Gerechtigkeit für die Ampel!: Was hätten sie denn anders machen sollen?

Am Montagabend war Stephan Lambys Langzeitreportage über die rot-grün-gelbe Koalition zu sehen. Viele Bilder wirken nach. Sie erzeugen kein Mitleid, aber Verständnis.

Eine Glosse von Malte Lehming

Es hätte ein ganz gewöhnlicher Montagabend vor dem Fernseher sein sollen. Erst die Tagesschau, dann eine Politdoku, am Ende die Anfänge einer Talkshow. Früh ins Bett, nach etwas Seichtseriösem zum Wochenbeginn. Doch daraus wurde nichts.

Wie gefesselt blieb ich sitzen, als ab 20 Uhr 15, 75 Minuten lang, im Ersten eine Art Halbzeitbilanz der Ampelkoalition gezeigt wurde. Knapp zwei Jahre lang hatte Stephan Lamby, Autor und preisgekrönter Filmemacher, die Protagonisten begleitet, war ihnen nahegekommen wie kein anderer zuvor. Das Ergebnis heißt „Ernstfall – Regieren am Limit“ und lässt sich jederzeit in der ARD Mediathek anschauen.

Im Zentrum der Reportagecollage steht die Zeitenwende, der russische Angriffskrieg gegen die Ukraine. Nur wenige Wochen nach ihrem Beginn, der ursprünglich als Aufbruch inszeniert worden war, zerschlägt eine brutale Realität alle Pläne der Regierenden. Oft tragen die Protagonisten Masken, was an Corona erinnert.

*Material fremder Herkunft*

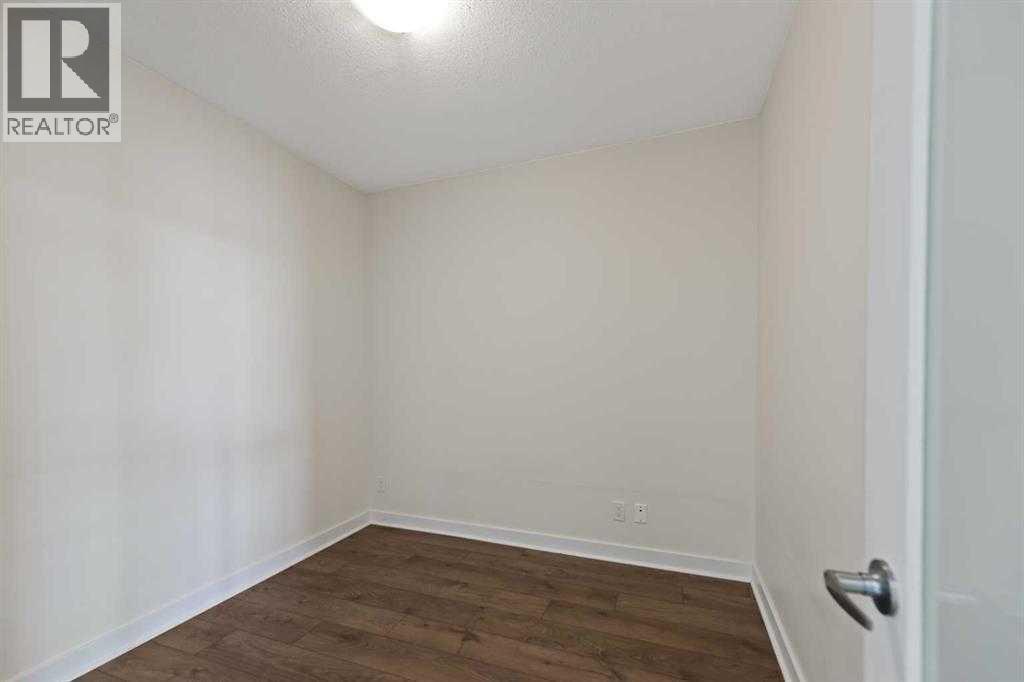 #410 10 Brentwood Common NW - 22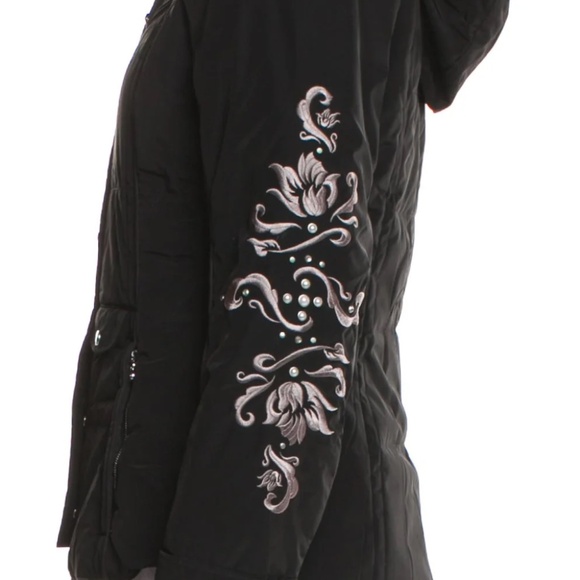 Bogner Ladies Down Ski Jacket embroidered- size 4 - Picture 3 of 8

Wir sehen der Politik beim Denken zu, das oft ein Grübeln ist

Plötzlich geht es um Waffenlieferungen, Energiekrise, Angst vor Eskalation. Wladimir Putin droht mit Atomwaffen. Was wussten die amerikanischen, was die deutschen Geheimdienste? Wie abgrundtief banal, zum Schämen banal, wirkt da das wochen- und monatelange Gezerre um das Heizungsgesetz.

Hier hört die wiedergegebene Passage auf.